The answer is: all the permutations of 1,2,3 where all three numbers
are present (there are six of them) + all the permutations of 1,2,3
where only two numbers are present (also six of these) + all the
permutations of 1,2,3 where only one number is present (three
possibilities) for a total of fifteen possibilities.
- If all three numbers are present, it is as if we were deterministic.
Here is how it could happen (for this example order, all 6 permutations
are possible = {123, 132, 213, 231, 312, 321}):
- finish starts empty
- 1 reads finish (), joins its 1, finish is now 1.
- 2 reads finish (1), joins its 2, finish is now 12.
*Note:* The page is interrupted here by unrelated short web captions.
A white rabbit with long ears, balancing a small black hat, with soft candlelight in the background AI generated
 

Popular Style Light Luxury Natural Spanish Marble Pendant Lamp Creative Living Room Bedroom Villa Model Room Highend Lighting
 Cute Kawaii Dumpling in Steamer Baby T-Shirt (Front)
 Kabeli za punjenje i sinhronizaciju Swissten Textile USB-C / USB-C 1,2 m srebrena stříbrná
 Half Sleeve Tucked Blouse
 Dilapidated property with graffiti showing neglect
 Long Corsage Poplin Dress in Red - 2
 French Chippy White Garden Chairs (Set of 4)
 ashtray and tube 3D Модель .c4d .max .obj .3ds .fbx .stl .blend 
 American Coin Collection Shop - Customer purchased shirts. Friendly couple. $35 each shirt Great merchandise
- 3 reads finish (12), joins its 3, finish is now 123.
- finish is 123
- If
only two numbers were present, we had a race condition, and here is how
it could happen (again, all 6 combinations and permutations are
possible = {12, 21, 13, 31, 23, 32}):
- finish starts empty
- 3 reads finish () into its hold
- 1 reads finish () into its hold
- 3 joins its 3 to the number it held (), finish is now 3
- 1 joins its 1 to the number it held () and sets finish to 1. The 3 is now lost, clobbered due to a race condition.
- 2 reads finish (1), joins its 2, finish is now 12.
- finish is 12
- If
only one number were present, we also had a race condition, and here is
how it could happen (again, all permutations possible = {1, 2, 3}):
- finish starts empty
- 1 reads finish () into its hold
- 2 reads finish () into its hold
- 3 reads finish () into its hold
- 3 joins its 3, finish is now 3
- 2 joins its 2 to the number it held () and sets finish to 2. The 3 is now lost, clobbered due to a race condition.
- 1 joins its 1 to the number it held () and sets finish to 1. The 2 is now lost, clobbered due to a race condition.